If a line in the entries below includes "midnight", show that line.

→ DATASET ENTRIES:
**********
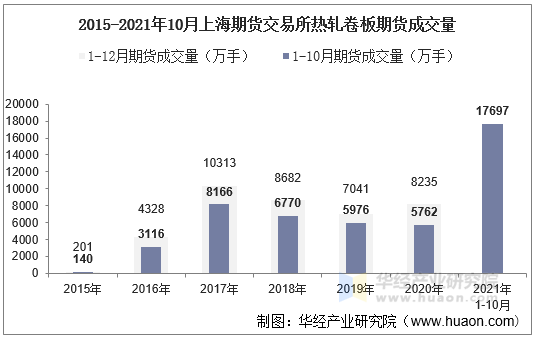 2015-2021年10月上海期货交易所热轧卷板期货成交量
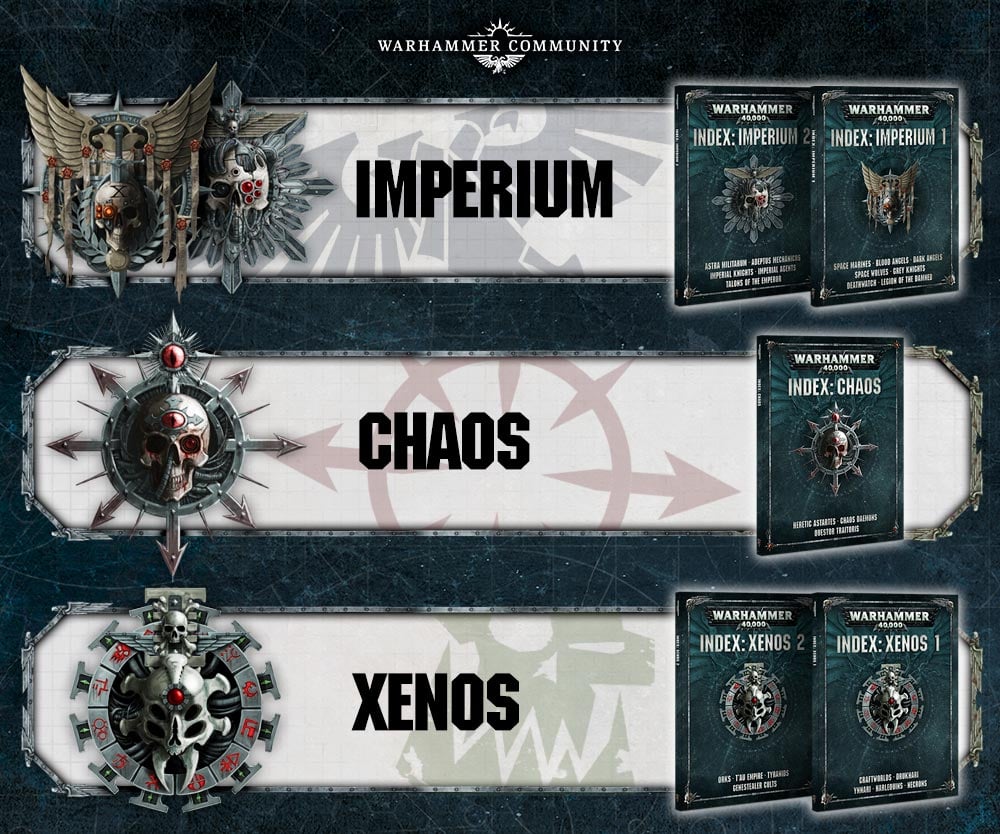Warhammer Board Games – Battle Swarms of Tyranids and a Monstrous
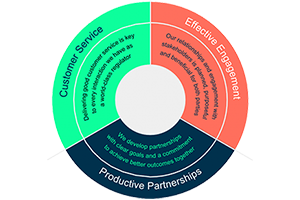 Engagement framework circle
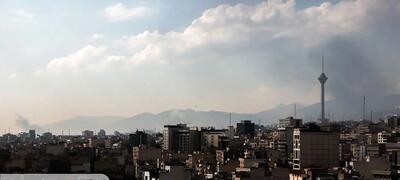  دکترین باززایی پس از جنگ تحمیلی سوم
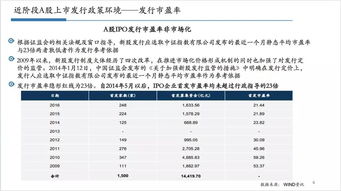主板上市企业条件要求(主板上市行业要求)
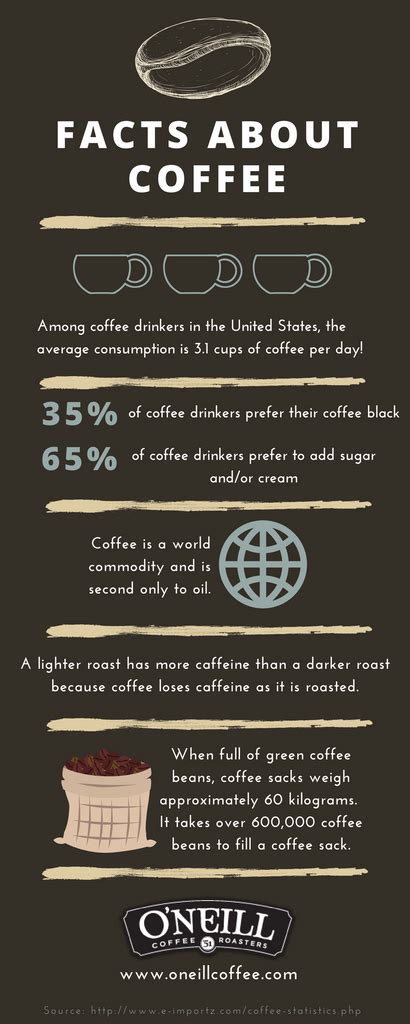 Fun Facts About Coffee Oneill Coffee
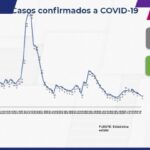 Captura de pantalla 2021 09 11 114148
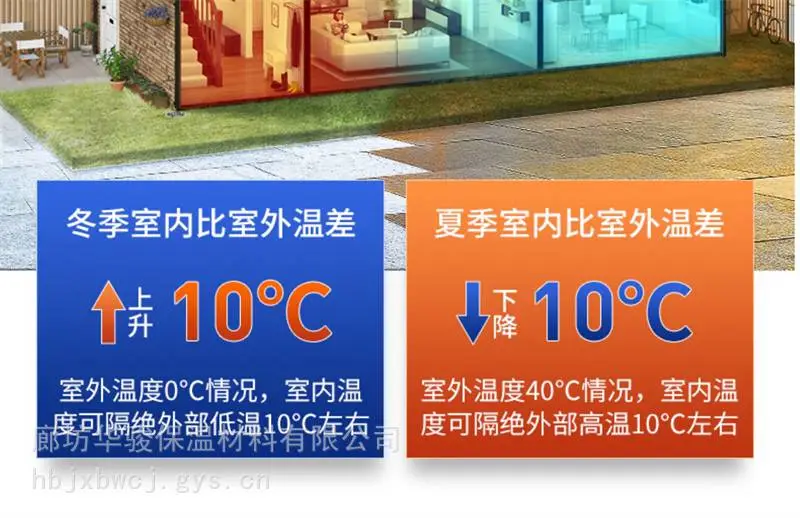 挤塑保温板实体厂家
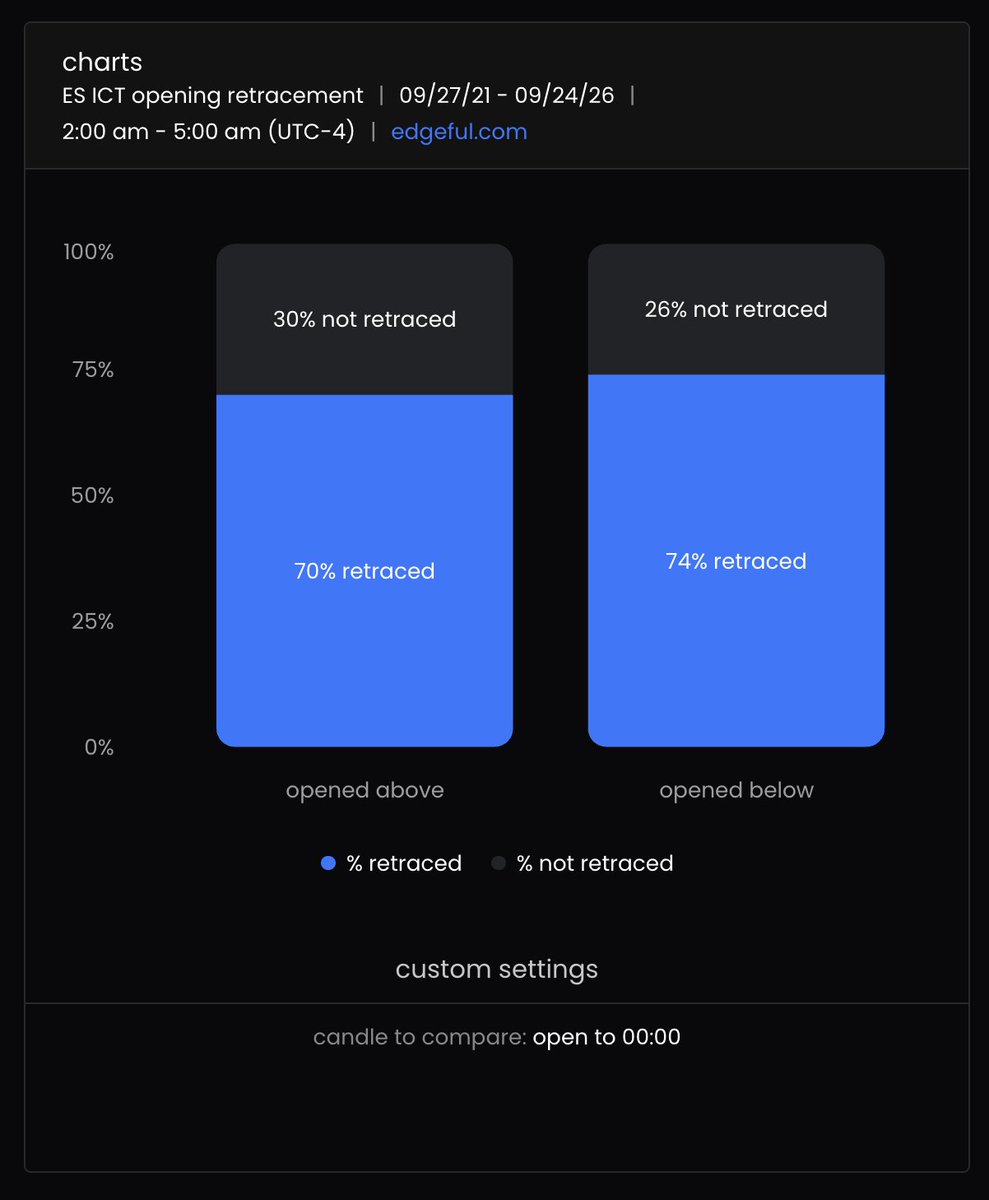 TritonTrades's tweet photo. this is an insane stat for London Session 🤯

i analyzed the last 5 years of ES with Edgeful:

- if London is below midnight > 74% chance it retraces back above

- if London is above midnight > 70% chance it retraces back below

such an easy way to determine the bias and DOL. https://t.co/cQp1pzOn4K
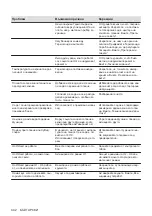 Preview for 442 page of AEG IAE84881FB User Manual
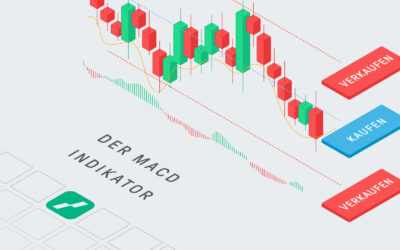 Der MACD Indikator | Online Broker LYNX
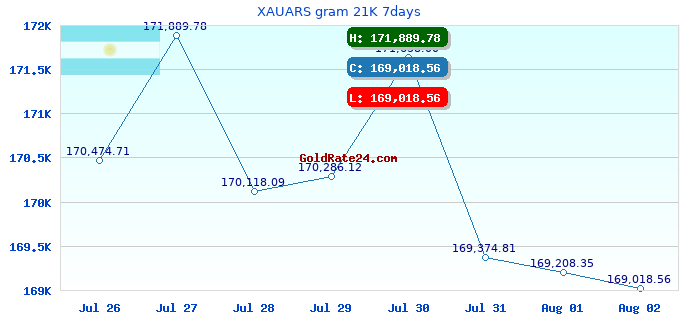 XAUARS gram 21K 7days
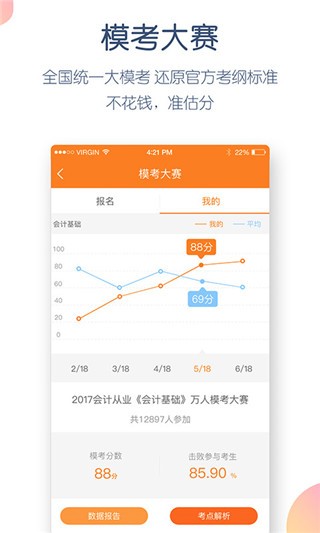 会计万题库手机版1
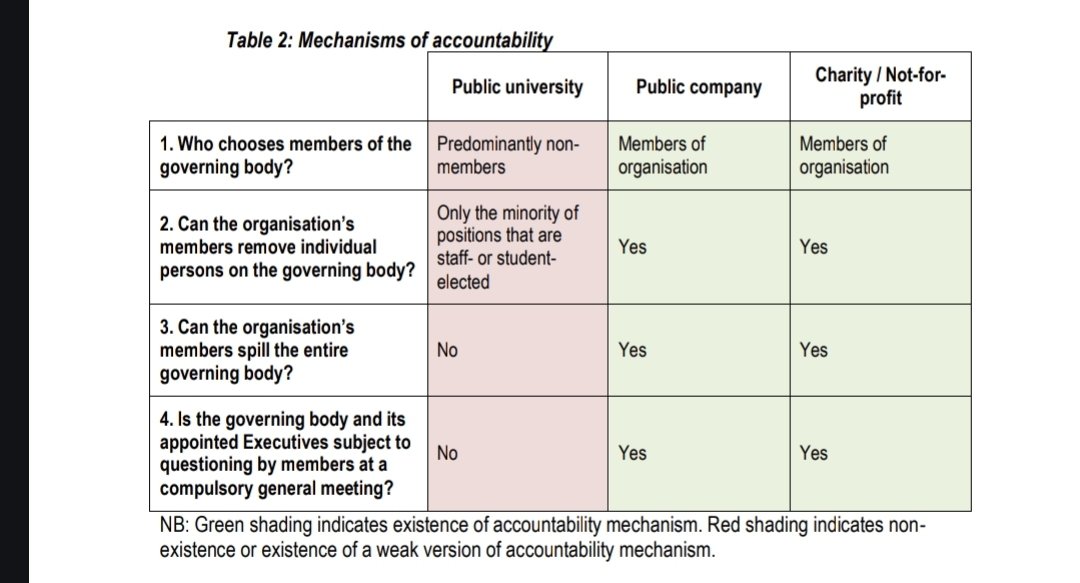 Can we really continue to accept the lack of proper governance accountability in Australian public universities compared with public companies and charities?!

My submission to the Senate Inquiry into university governance is now online 

aph.gov.au/Parliamentary_…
**********
→ ANSWER SECTION:
- if London is below midnight > 74% chance it retraces back above
- if London is above midnight > 70% chance it retraces back below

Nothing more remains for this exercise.